YOUR TASK: Beginning at the line containing "为旌科技海山VS839系列芯片，手游性能与视觉体验的全面革新", repeat each line below exactly up to and including the line containing "M4A1-S | Knight". Do not repeat the pictures.

*** Opening of GIVEN DATA ***

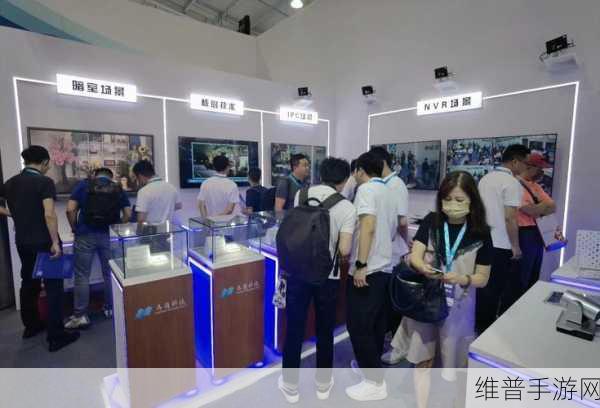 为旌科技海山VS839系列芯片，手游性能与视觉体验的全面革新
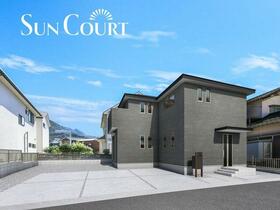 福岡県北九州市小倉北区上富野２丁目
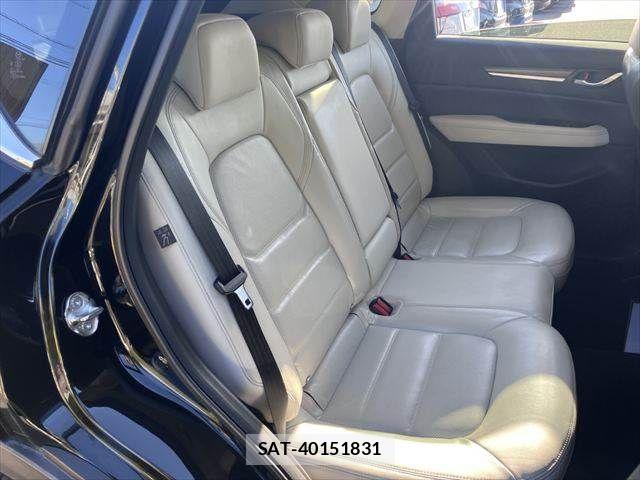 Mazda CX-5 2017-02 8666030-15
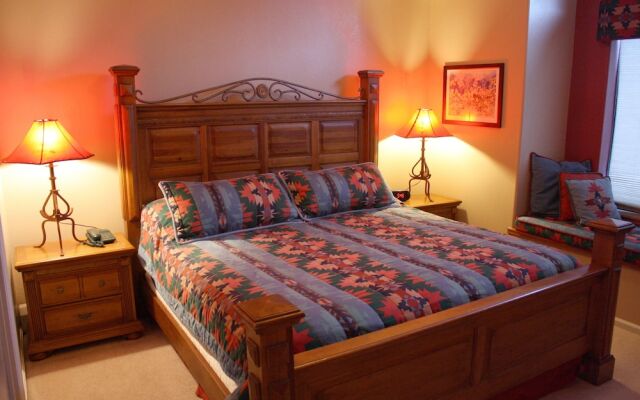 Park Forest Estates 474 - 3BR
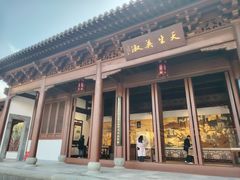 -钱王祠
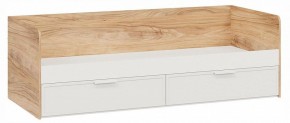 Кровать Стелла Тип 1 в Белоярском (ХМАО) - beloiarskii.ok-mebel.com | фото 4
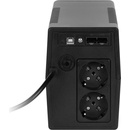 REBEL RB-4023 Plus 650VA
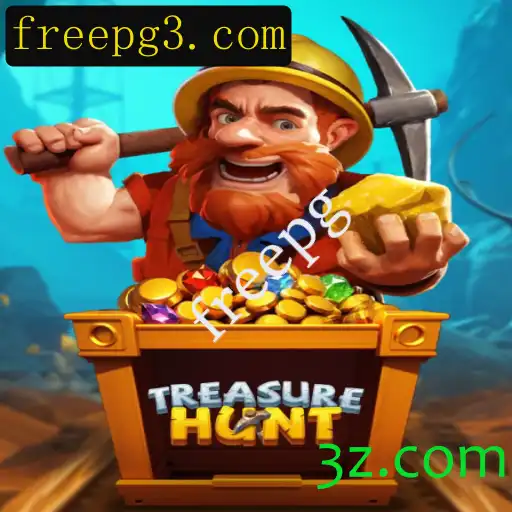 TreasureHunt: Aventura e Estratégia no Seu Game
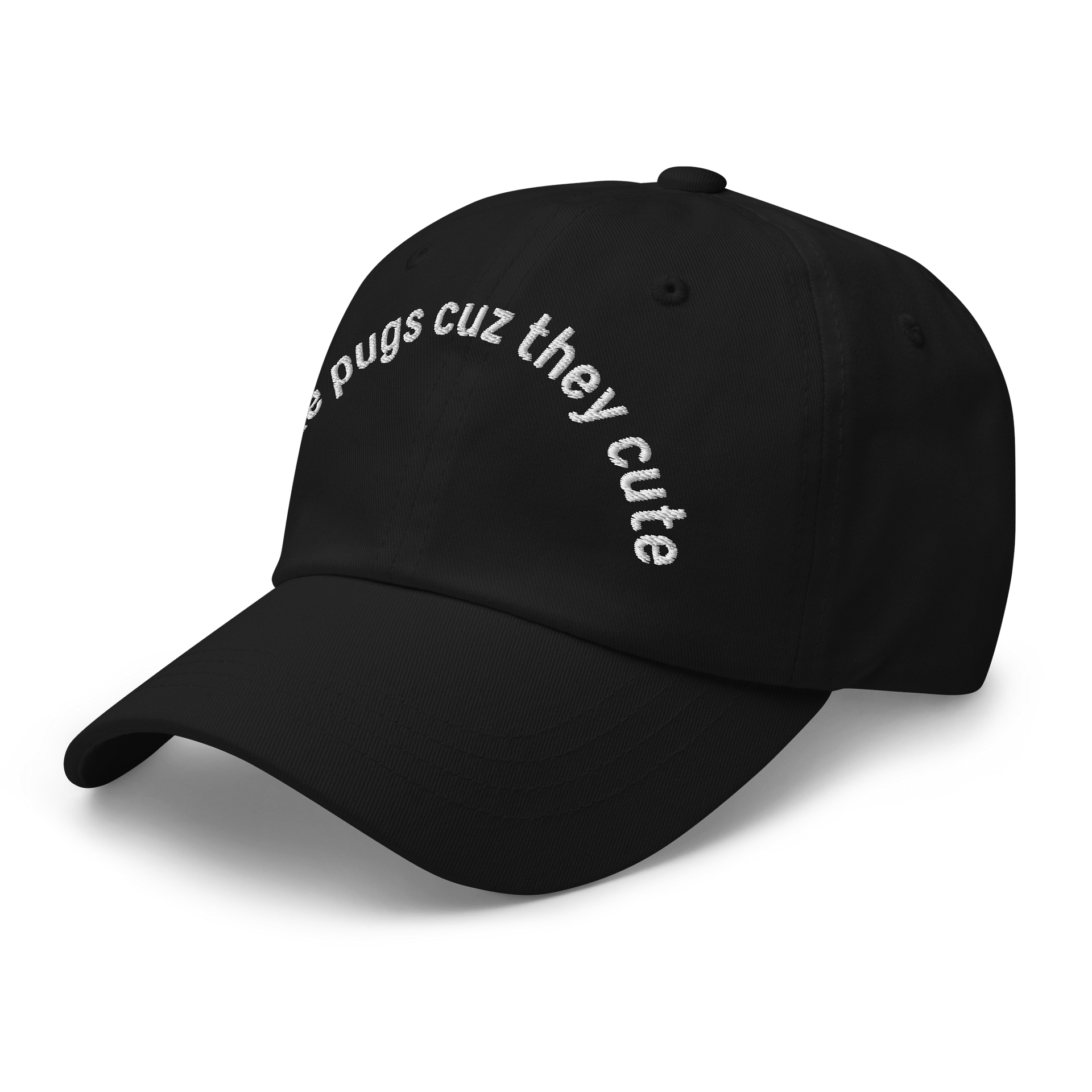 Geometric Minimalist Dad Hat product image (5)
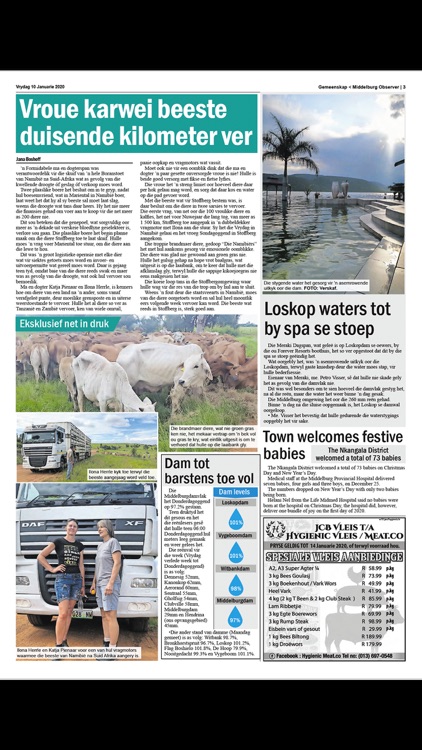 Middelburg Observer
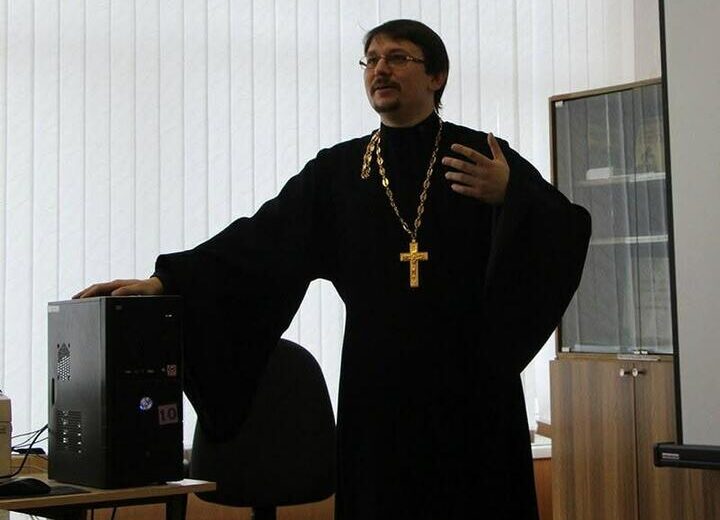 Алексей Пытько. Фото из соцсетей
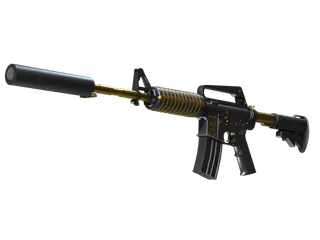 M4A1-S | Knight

*** Close of GIVEN DATA ***
*** Opening of GIVEN DATA ***

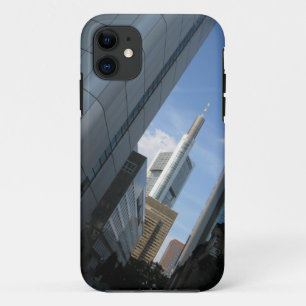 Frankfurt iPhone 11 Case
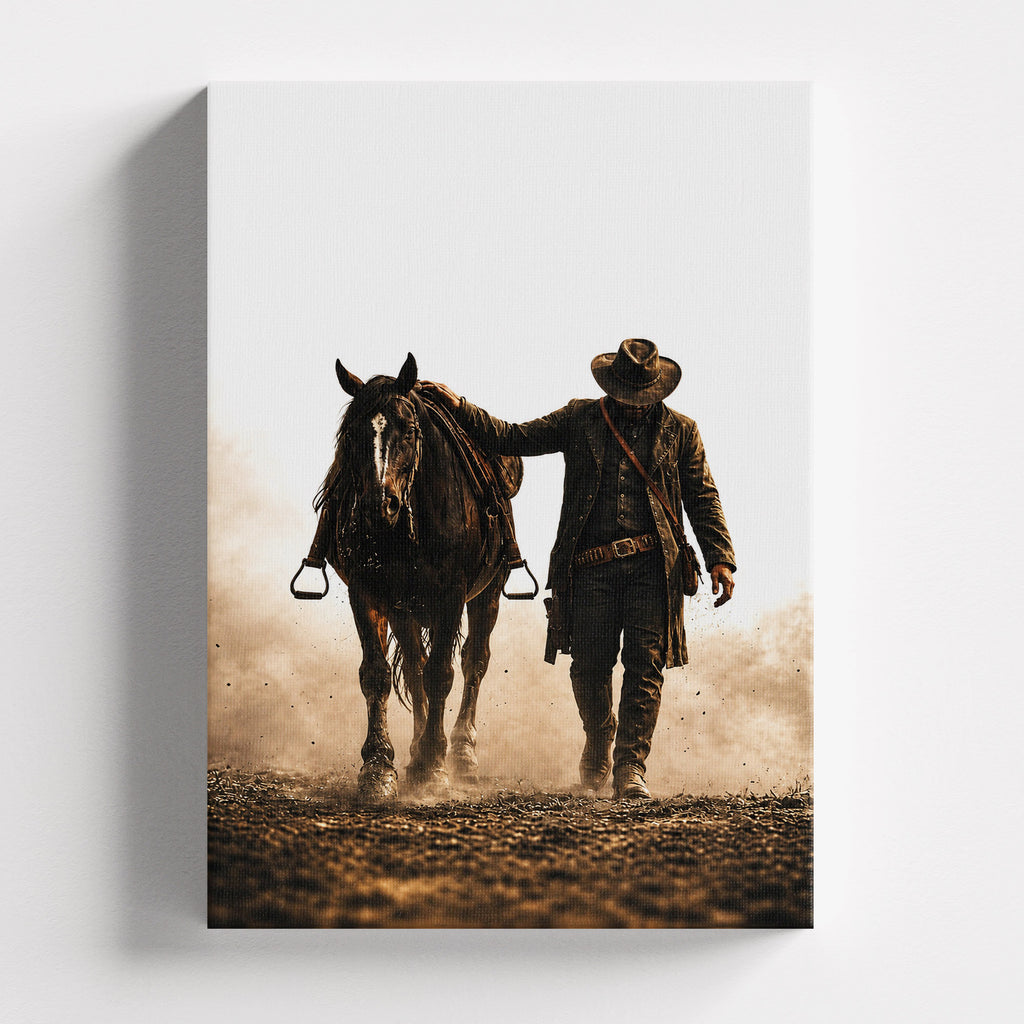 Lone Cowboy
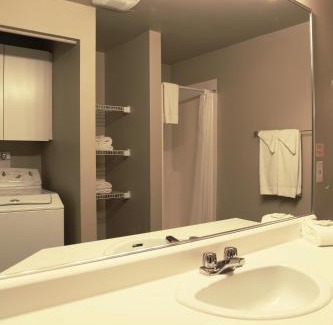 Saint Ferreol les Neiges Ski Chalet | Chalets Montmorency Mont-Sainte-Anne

*** Close of GIVEN DATA ***
*** Opening of GIVEN DATA ***

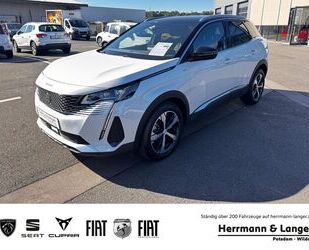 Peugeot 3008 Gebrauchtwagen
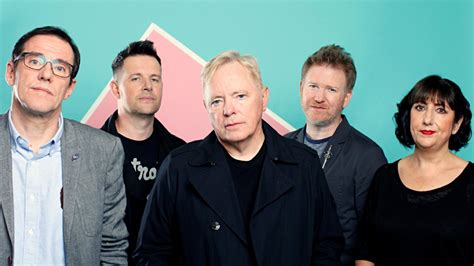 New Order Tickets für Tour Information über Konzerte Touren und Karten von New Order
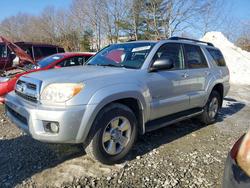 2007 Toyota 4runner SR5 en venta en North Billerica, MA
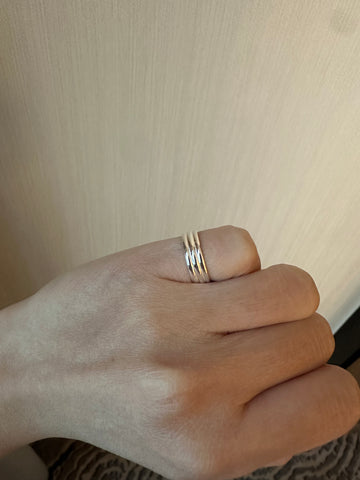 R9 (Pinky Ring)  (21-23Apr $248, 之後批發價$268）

*** Close of GIVEN DATA ***

EXERCISE SOLUTION:
 为旌科技海山VS839系列芯片，手游性能与视觉体验的全面革新
 福岡県北九州市小倉北区上富野２丁目
 Mazda CX-5 2017-02 8666030-15
 Park Forest Estates 474 - 3BR
 -钱王祠
 Кровать Стелла Тип 1 в Белоярском (ХМАО) - beloiarskii.ok-mebel.com | фото 4
 REBEL RB-4023 Plus 650VA
 TreasureHunt: Aventura e Estratégia no Seu Game
 Geometric Minimalist Dad Hat product image (5)
 Middelburg Observer
 Алексей Пытько. Фото из соцсетей
 M4A1-S | Knight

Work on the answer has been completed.